CALLER: Well, you know, my wife and I were Mitt Romney supporters, and we still do in a way.
RUSH: Yeah.
CALLER: We listened to his speech when he was at CPAC —
RUSH: Yeah.
CALLER: — and I realized, and, you know, we were going to make a choice, and we feel that you can’t un-vote a nuclear attack on the United States, and I still think that it would be probably best even with all his shortcomings of McCain, we’re going to vote for him.
RUSH: Okay.
CALLER: You know, it’s a hard decision, but when it comes down to the national security, that’s what a government is supposed to do, right? Protect us?
RUSH: Well, yeah. Of course that’s part of the oath of office that every president —
CALLER: Right, exactly. Well, I don’t think Hillary, or especially Obama, would even come close to that. And I love Bo Snerdley, by the way, what he’s saying there.

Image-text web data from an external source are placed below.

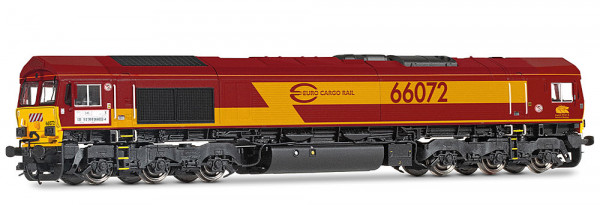 Arnold HN9081HM - Euro Cargo Rail, Diesellokomotive Class 66, braune Farbgebung, mit BLE-Sounddecode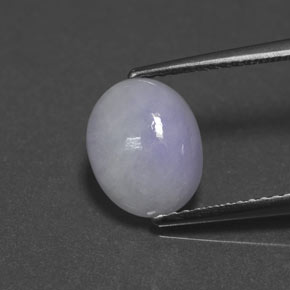 2.55克拉天然硬玉，椭圆形切割，10×8毫米，不透明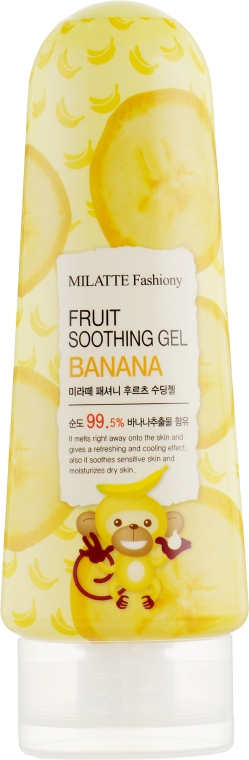 Гель универсальный с экстрактом банана - Milatte Fashiony Fruit Soothing Gel Banana — фото N1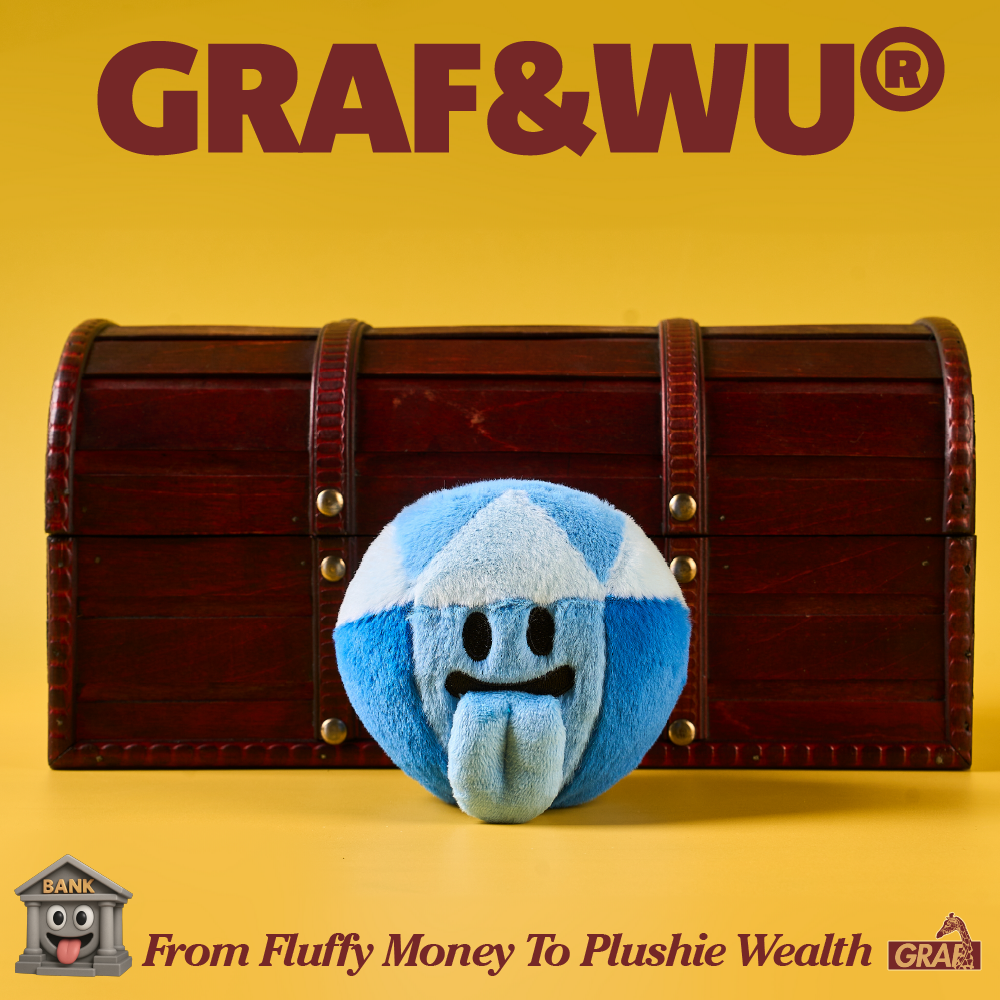 GRAF&WU Plushie Wealth Cute Lucky Gold Ingot Plush Trendy Bag Charm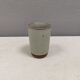 Danish Palshus small ceramic vase, Beige Gray Glaze, 1960s
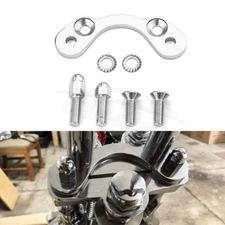 Springer Front End Riser Handlebar Adapter Converter 4.75" to 3.5" For Harley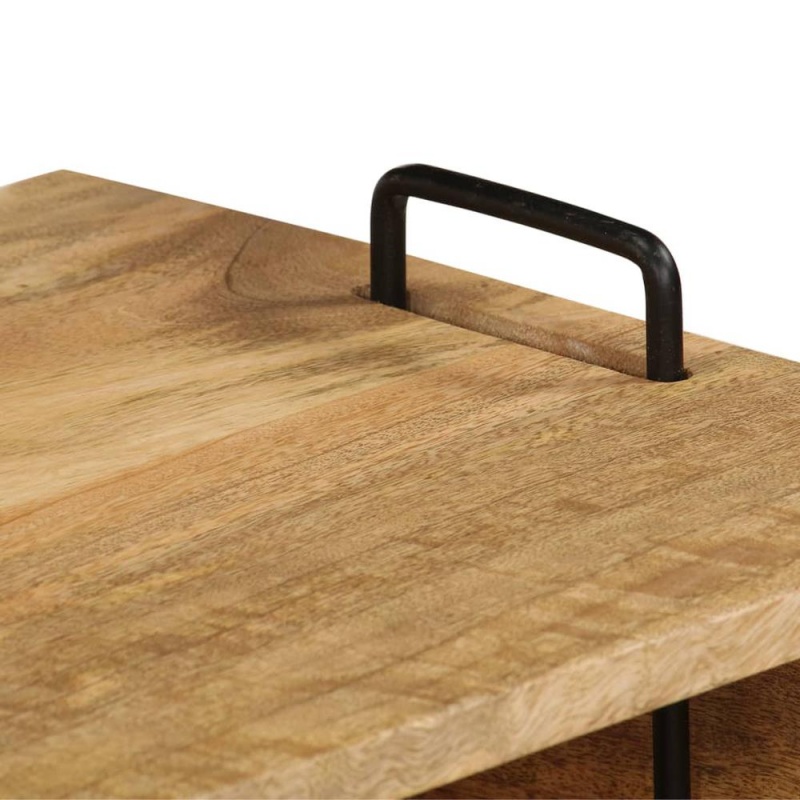 Vidaxl Coffee Table Solid Mango Wood 39.4"X23.6"X17.7"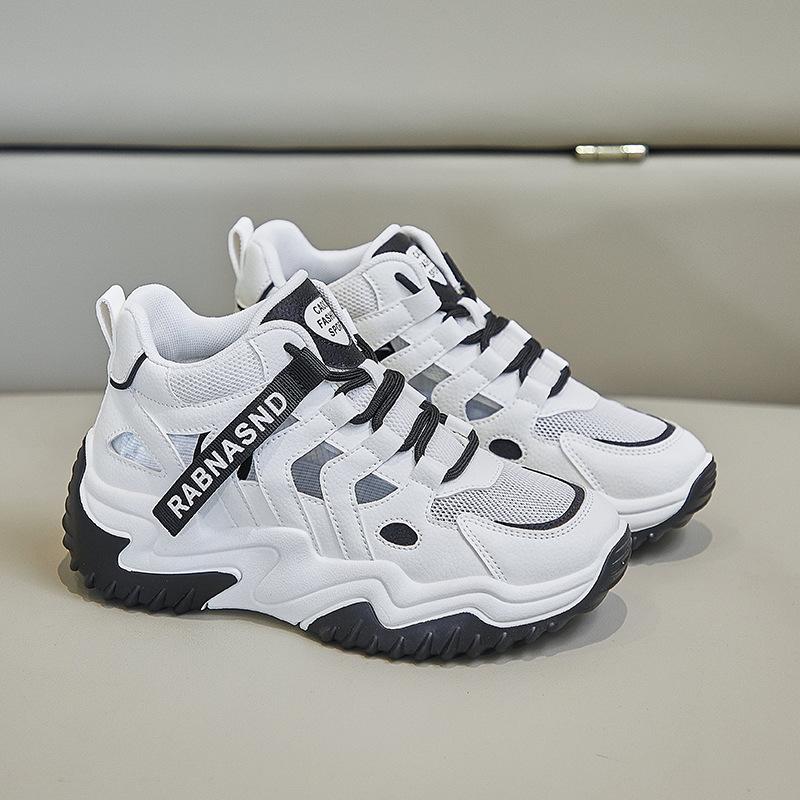 New Dad Shoes Perforated and Breathable Sports Shoes Casual Shoes Thick Soles for Height Increase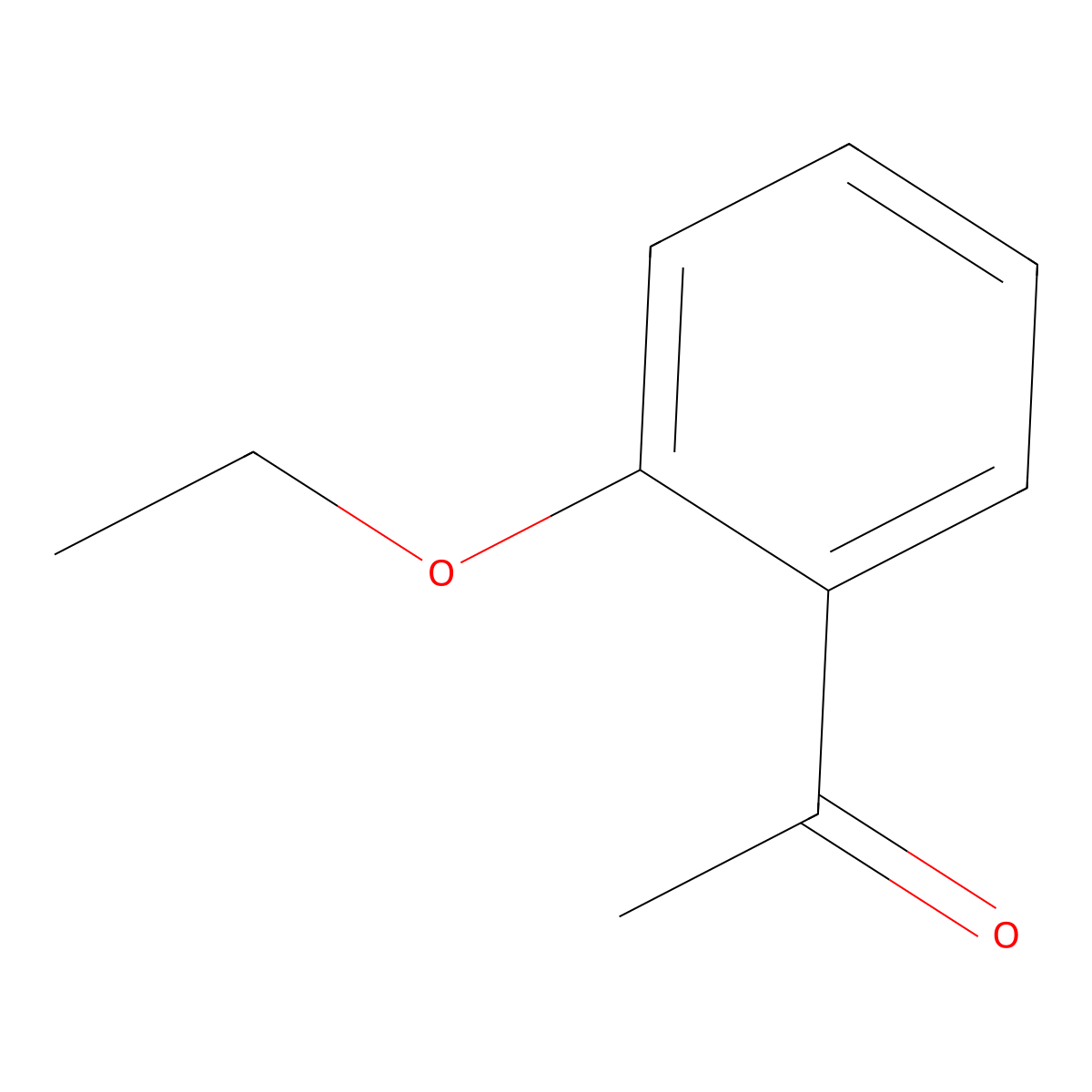 1-(2-Ethoxyphenyl)ethan-1-one molecular structure, CAS 2142-67-8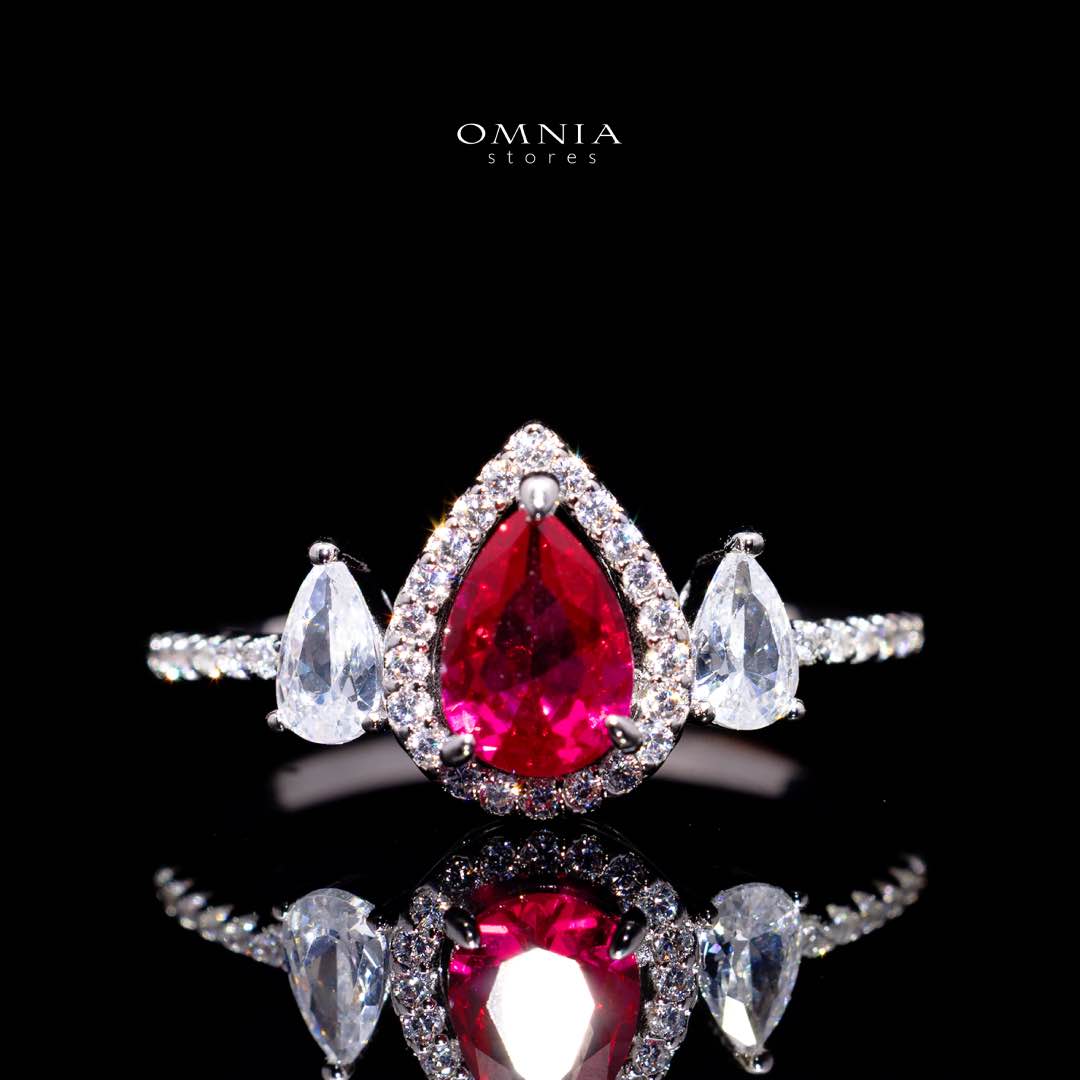 Sundus Red Bridal Full Set – Premium Rhodium Plated with High-Quality Zircon Stones
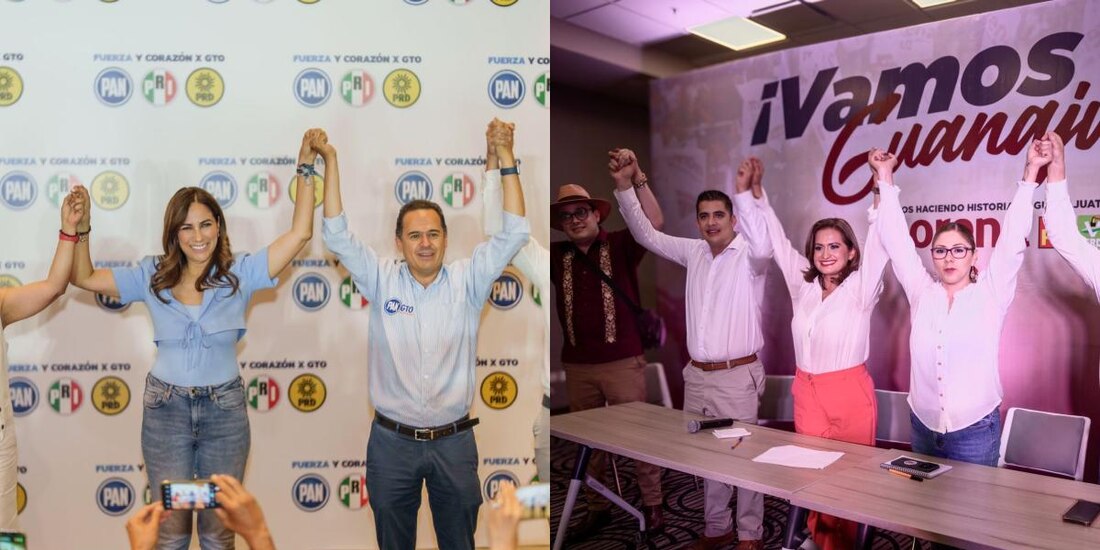 Libia García y Alma Alcaraz se declaran ganadoras en Guanajuato.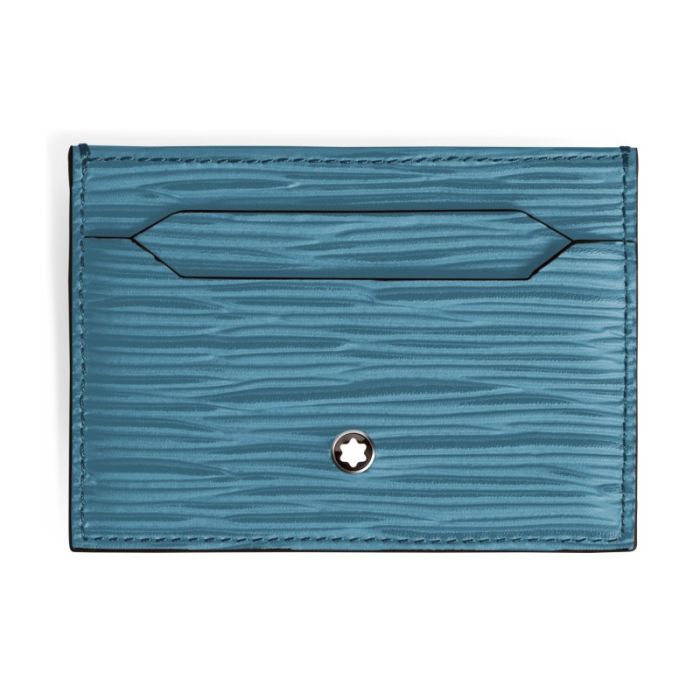 Montblanc 4810 Kartenetui 5cc Smoky Blue Montblanc 4810 Kartenetui 5cc Smoky Blue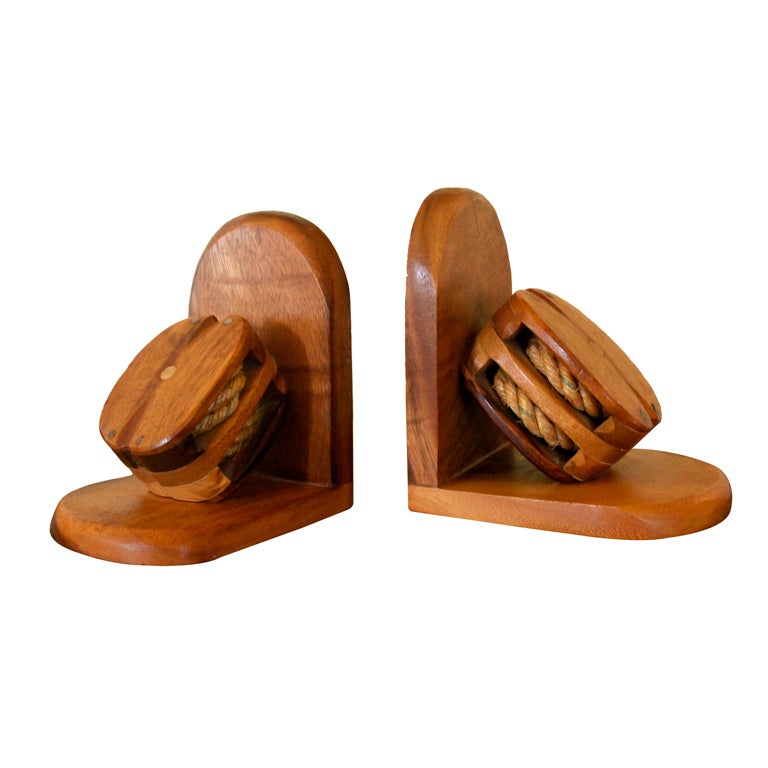 Nautical Pulley Bookends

RUSH: Oh, yeah, our Official Obama Criticizer?
CALLER: Oh, he’s great. Give him ten minutes of his own.
RUSH: Yeah. Every guest host I’ve ever had here has gone on to bigger and better things, and I realize by giving Snerdley the post as Official Criticizer, that he might want an even bigger chunk of broadcast — he’s shaking his head in there, no, no, no, never happen, but I know human nature. Robert, I appreciate the phone call. Thanks el mucho.